CMPS 2200¶

Introduction to Algorithms¶

Data Compression¶

Agenda:

Huffman Coding

Document encoding¶

If we are given a document $D$ in which we use the alphabet $\Sigma = \{\sigma_1 \ldots \sigma_k\}$, our goal is to create a binary encoding of $\Sigma$ to represent $D$ with as few bits as possible.

Of course, the encoding must distinctly represent $\Sigma$.

Example:

Suppose $\Sigma=\{A, B, C, D\}$, and document $D = \langle A, A, A, A, A, A, A, A, A, B, C, D\rangle$.

A naive encoding could be:

$$\sigma$$	$$e(\sigma)$$
A	00
B	01
C	10
D	11

This is a fixed-length encoding of $\Sigma$.

What is the number of bits required to encode the entire document with this encoding?

The length of the document with this encoding is $2\cdot 12 = 24$. The encoding is:

$e(D) = \texttt{"}000000000000000000011011\texttt{"}$

A more space-efficent encoding?¶

Fixed-length encoding doesn't account for redundancy in the document.
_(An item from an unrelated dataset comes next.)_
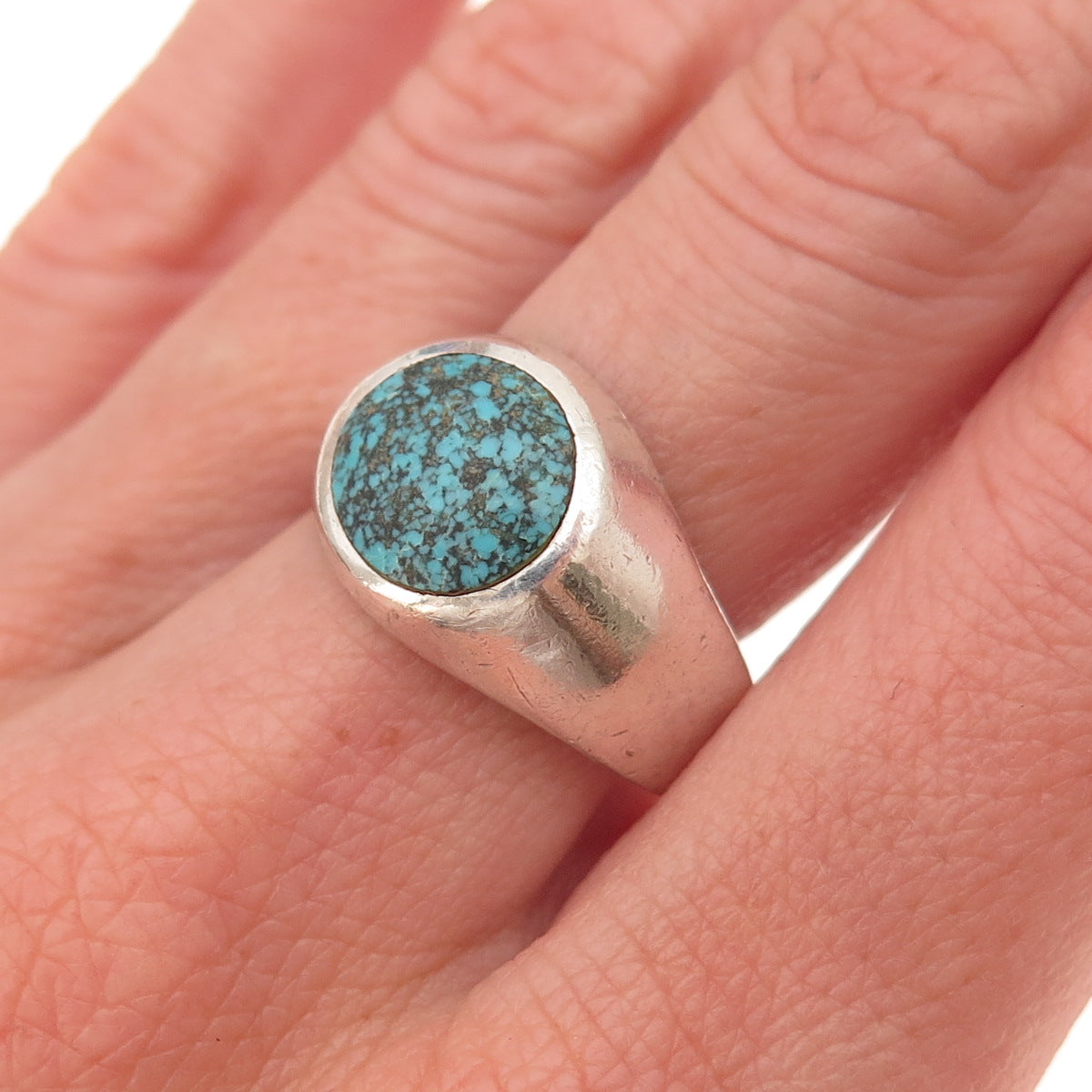 925 Sterling Silver Vintage Real Peacock Turquoise Signet Ring Size 8.25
Intuitively, we should encode the document by the frequency of the characters in the alphabet. The more frequent the character, the smaller its code should be.
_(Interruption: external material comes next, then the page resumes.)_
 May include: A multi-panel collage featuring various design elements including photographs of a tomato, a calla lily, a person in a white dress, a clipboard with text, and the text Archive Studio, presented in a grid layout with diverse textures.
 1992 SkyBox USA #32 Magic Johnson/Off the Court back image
$D = \langle A, A, A, A, A, A, A, A, A, B, C, D\rangle$

$$\sigma$$	$$f(\sigma)$$
A	9
B	1
C	1
D	1

Let $f: \sigma \rightarrow \mathbb{Z}$ be the number of times a character appears in $D$; this is easily computed in $O(|D|)$ work. (What about the span?)

So, following that logic, we could come up with a code like this:

$$\sigma$$	$$e'(\sigma)$$
A	0
B	1
C	00
D	11

Is this a valid encoding?

How should we decode 11?

Unambiguous Encoding¶

Instead, we could use:

$$\sigma$$	$$e'(\sigma)$$
A	0
B	10
C	110
D	111

This variable-length encoding is unambiguous.
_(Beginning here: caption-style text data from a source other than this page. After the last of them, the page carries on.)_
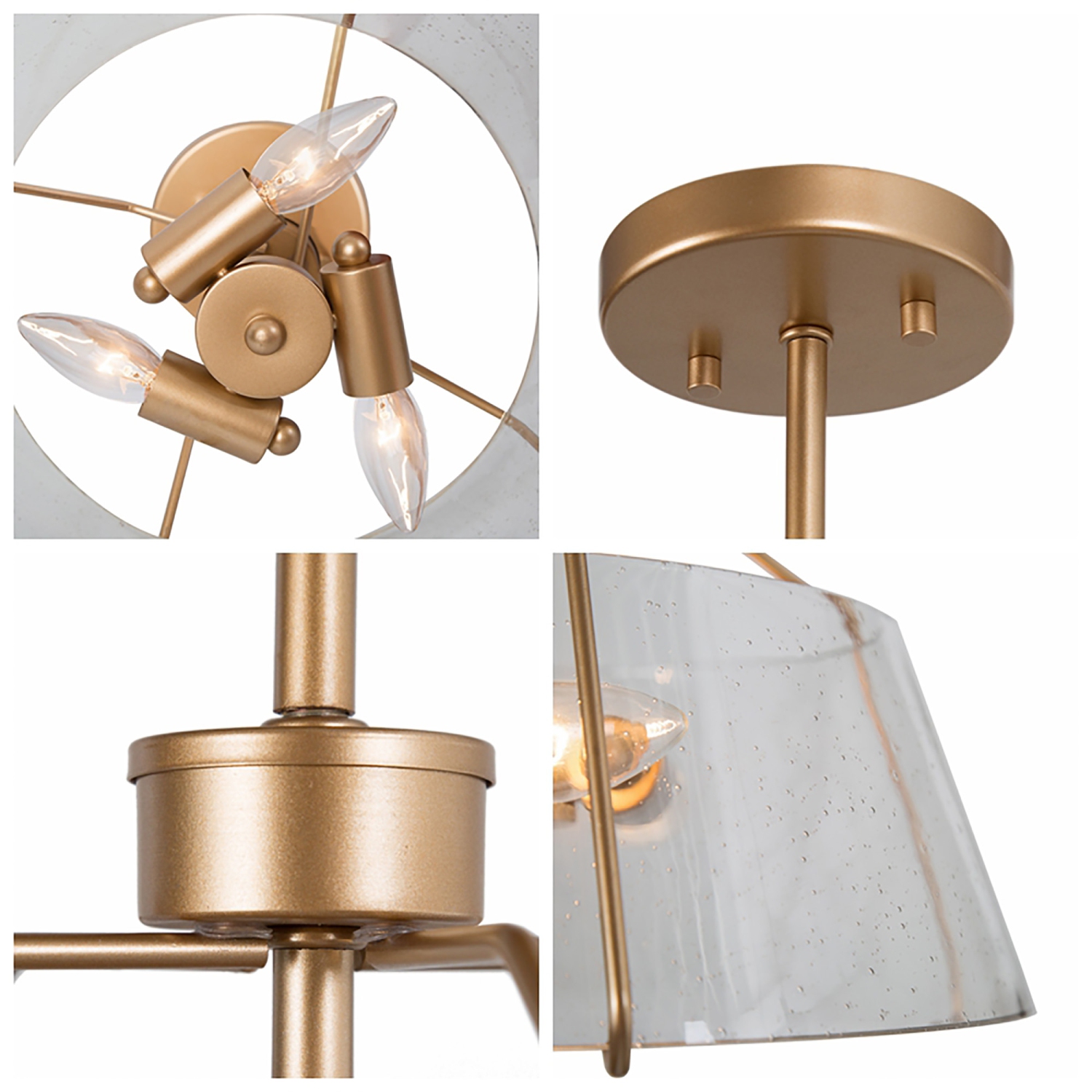 Modern 3-Light Ceiling Light, 13-in Matte Gold with Seeded Drum Glass Shade Incandescent Semi-flush Mount Light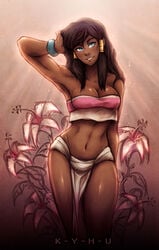 1girls abs avatar_legends black_hair blue_eyes bracelet buff chel chel_(cosplay) clothing cosplay curvy dark-skinned_female dark_skin dreamworks female female_only human k-y-h-u korra medium_breasts muscle one_arm_up pelvic_curtain smile solo the_avatar the_legend_of_korra the_road_to_el_dorado water_tribe wide_hips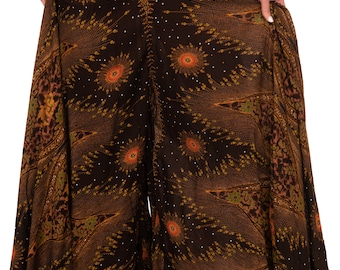 Pantalones anchos de rayón con estampado de pavo real: cintura fruncida, hechos a mano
For our document $D = \langle A, A, A, A, A, A, A, A, A, B, C, D\rangle$, we get the encoding:

$e'(D) = "00000000010110111"$

This has length $1\cdot 9 + 2\cdot 1 + 3\cdot 1 + 3\cdot 1 = 17$. So this is a bit better (we got a length of 24 before).

Optimizing the cost of encoding¶

Given a document $D$ in which we use the alphabet $\Sigma = \{\sigma_1 \ldots \sigma_k\}$, our goal is to create a binary encoding of $\Sigma$ to represent $D$ with as few bits as possible.

In general, the cost of a given encoding $e$ is

$$C(e) = \sum_{i=0}^{|D|} |e(D[i])| = \sum_{\sigma\in\Sigma} f(\sigma)\cdot e(\sigma).$$

Over all possible valid encodings $e: \Sigma \rightarrow \{0,1\}^*$, we want to find a variable-length encoding $e_*$ so that $C(e_*)$ is minimized.

Encodings as Trees¶

How do we ensure that a variable-length encoding is valid? In other words, how do we only consider variable-length encodings that are prefix-free?

We can think of an encoding as representing a tree, with characters from $\Sigma$ as leaves. Note that a fixed-length encoding has all leaves at the same level.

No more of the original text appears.